Si sono espressi pubblicamente contro l’ossessione per l’aspetto esteriore, i canoni estetici irrealistici e la pressione a “performare bellezza” contribuendo, direttamente o indirettamente, a portare alla luce il concetto di beauty burnout. Alcune lo hanno fatto attraverso confessioni personali, altre con scelte estetiche radicali, altre ancora con veri e propri atti di disobbedienza: perché che lo vogliamo oppure no, abitiamo, anzi siamo, una civiltà in cui mostrarsi senza filtri è un atto di disobbedienza e nemmeno privo di rischi sempre connessi alla salute mentale, visti i commenti di inaudita violenza che siamo capaci di scrivere sotto ai post dell'influencer grassa o a quella queer e con i brufoli.

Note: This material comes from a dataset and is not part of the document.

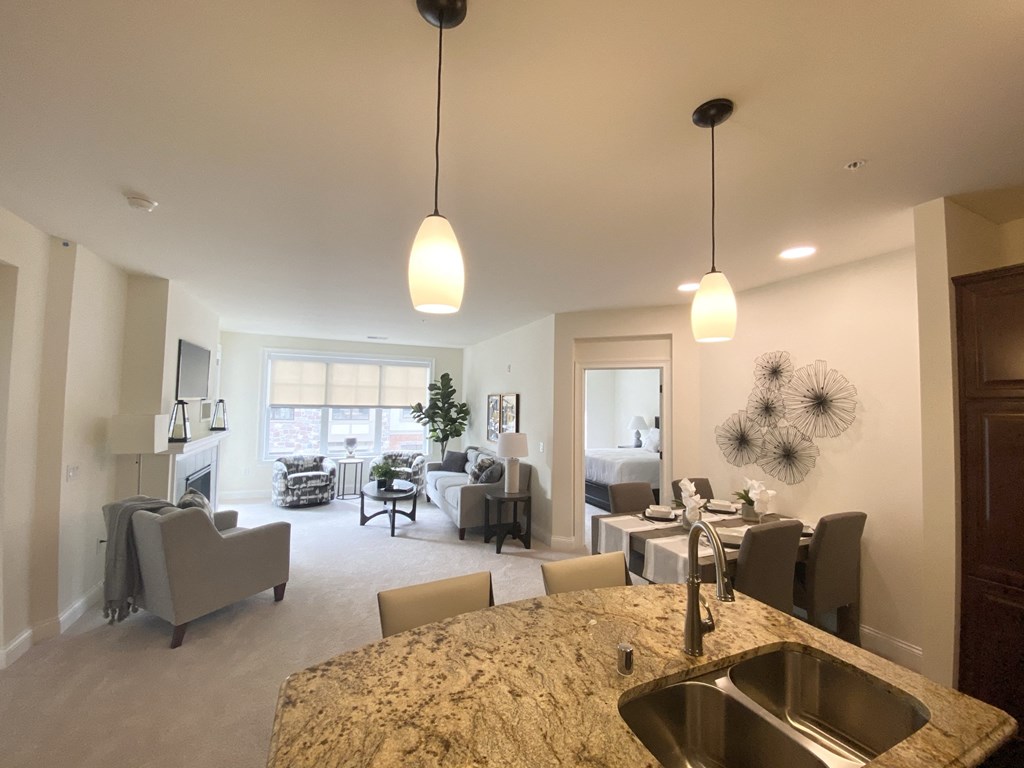 the view from the kitchen into the living room and dining area of a home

quell'ansia che serpeggia sottopelle: l'ansia da performance estetica

Cos'è il beauty burnout, se non una forma di esaurimento fisico, mentale ed emotivo legato alla pressione costante di apparire al meglio che si può, lì dove "meglio che si può" significa avvicinarsi il più possibile e con ogni mezzo a disposizione a un modello estetico preciso, che cambia di anno in anno? Filler, botox, diete, microchirurgia per somigliare "a come si é nei filtri instagram": chiaramente non si tratta solo di vanità o insicurezza. Piuttosto è il risultato di una cultura dell'immagine esasperata, fatta di filtri, tutorial infiniti, skincare da 12 step, trattamenti “preventivi” prima ancora di aver compiuto vent'anni e paragoni costanti con dei corpi e dei volti che esistono solo sui social e non nella realtà.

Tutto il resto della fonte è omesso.